That’s not the end of the story. On May 30th Argentina repealed its 13-year old blacklist of uncooperative jurisdictions which included almost half of the current membership of the United Nations.
The soon to be announced replacement is not colour-coded and adopts a different approach entirely. Instead of identifying those countries with whom the Argentine Revenue Service (ARS) is not able to exchange tax information, this will be a roll call of countries deemed cooperative for tax information exchange purposes because they are willing to share taxpayer information.
This positive recognition is reserved for countries that have entered into treaty relations with Argentina to apply the new OECD standard on tax information exchange either through a tax information exchange agreement (TIEA), a double taxation agreement; or the OECD Convention on Mutual Administrative Assistance in Tax Matters.
There is however one important caveat, which perhaps explains why the list has not yet been published. To make the cut, the ARS has to determine which of the countries willing to exchange tax information, on paper, actually exchange the information they have promised to share; and those actual exchanges must be effective in practice.

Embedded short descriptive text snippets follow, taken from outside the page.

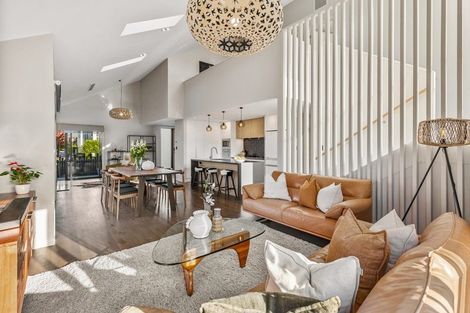 Photo of property in 34 Nevill Road, Hobsonville, Auckland, 0616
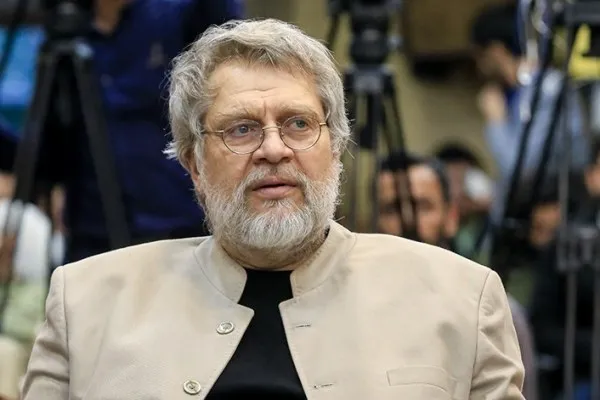 جشنواره عمار مبلغ آرمان‌های انقلاب است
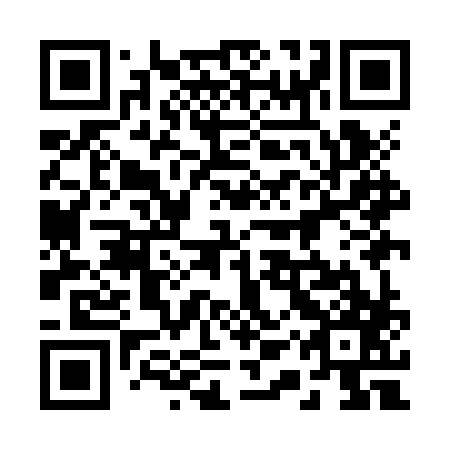 QR code for 21Y JX7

This means that some of the 88 countries previously black-listed as tax havens, but now signatories to agreements which reflect the OECD standard on information exchange, may still be excluded, if the ARS has any concerns about a country using bank, stock exchange or other types of secrecy to frustrate effective information sharing.
Depending on the experience of the ARS with information exchange in practice this new list may be a very short one indeed. Regardless of the final number however, those who do not make the cut , will still inhabit another list, which despite clear legislative intent to bury the old ‘blacklist’ will certainly be viewed as a resurrected blacklist ‘by default’.